# [Information shown]
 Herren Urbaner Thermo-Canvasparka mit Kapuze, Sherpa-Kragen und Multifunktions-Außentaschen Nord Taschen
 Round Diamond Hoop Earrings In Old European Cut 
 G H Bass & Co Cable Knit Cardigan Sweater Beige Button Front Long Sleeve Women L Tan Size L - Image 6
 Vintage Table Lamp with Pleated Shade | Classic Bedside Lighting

# [Work instructions]
All of the data must be written out again, exactly as it stands.

# [Exercise response]
 Herren Urbaner Thermo-Canvasparka mit Kapuze, Sherpa-Kragen und Multifunktions-Außentaschen Nord Taschen
 Round Diamond Hoop Earrings In Old European Cut 
 G H Bass & Co Cable Knit Cardigan Sweater Beige Button Front Long Sleeve Women L Tan Size L - Image 6
 Vintage Table Lamp with Pleated Shade | Classic Bedside Lighting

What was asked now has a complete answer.